In a repeat of damage during Pride Month last year, multiple Pride flags at the Stonewall National Monument in New York City were vandalized this week, police reported.

The New York Police Department received a report Friday morning that flags were removed from Christopher Park, part of the Stonewall National Monument, a spokesperson at the Office of the Deputy Commissioner, Public Information (DCPI) told HuffPost in an email.

A preliminary investigation had found that an unidentified person had removed and destroyed flags at the site Thursday night and fled, the DCPI said. No injuries were reported, and no arrests have been made, the spokesperson confirmed, adding that the investigation is ongoing.

In a post on the X social media platform on Friday evening, New York City Council Member Erik Bottcher shared photos of the vandalism at the Stonewall National Monument, which is the first national monument dedicated to LGBTQ+ history.

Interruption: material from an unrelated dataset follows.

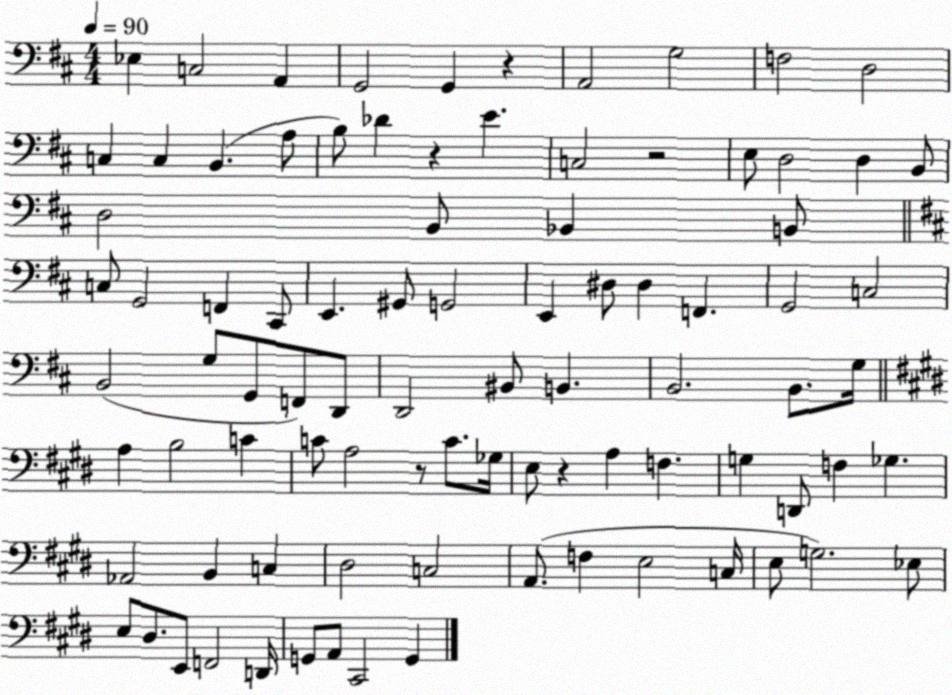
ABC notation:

The photos show Pride flags thrown on the ground and damaged. Some scraps of Pride flags that had been burned were scattered along the sidewalk, and several flags that usually line the perimeter of the monument were missing.

New York Mayor Eric Adams condemned the vandalism in a post Friday night on X, saying that “hate has no place in our city, and nothing will change that.”

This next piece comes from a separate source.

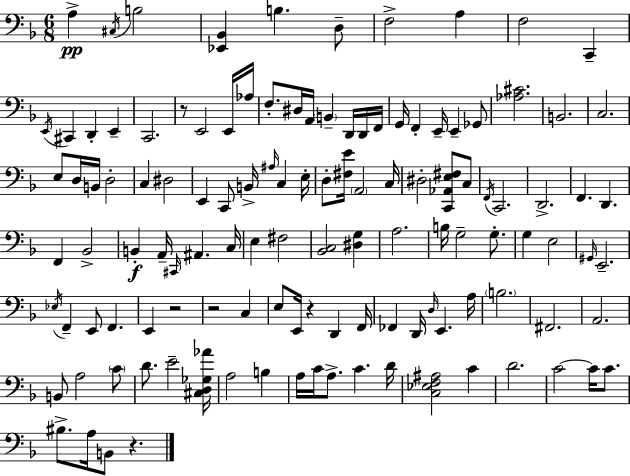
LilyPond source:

“We love the LGBTQ+ community and celebrate them during Pride and all year round. We’ll always have your back, and we will bring whoever defaced the Stonewall monument to justice,” Adams said.

Last year, Pride flags at the Stonewall National Monument were vandalized three times in June, which is LGBTQ Pride Month. According to NBC News, there have been a slew of attacks on Pride flags and Pride symbols across the country over the past few weeks.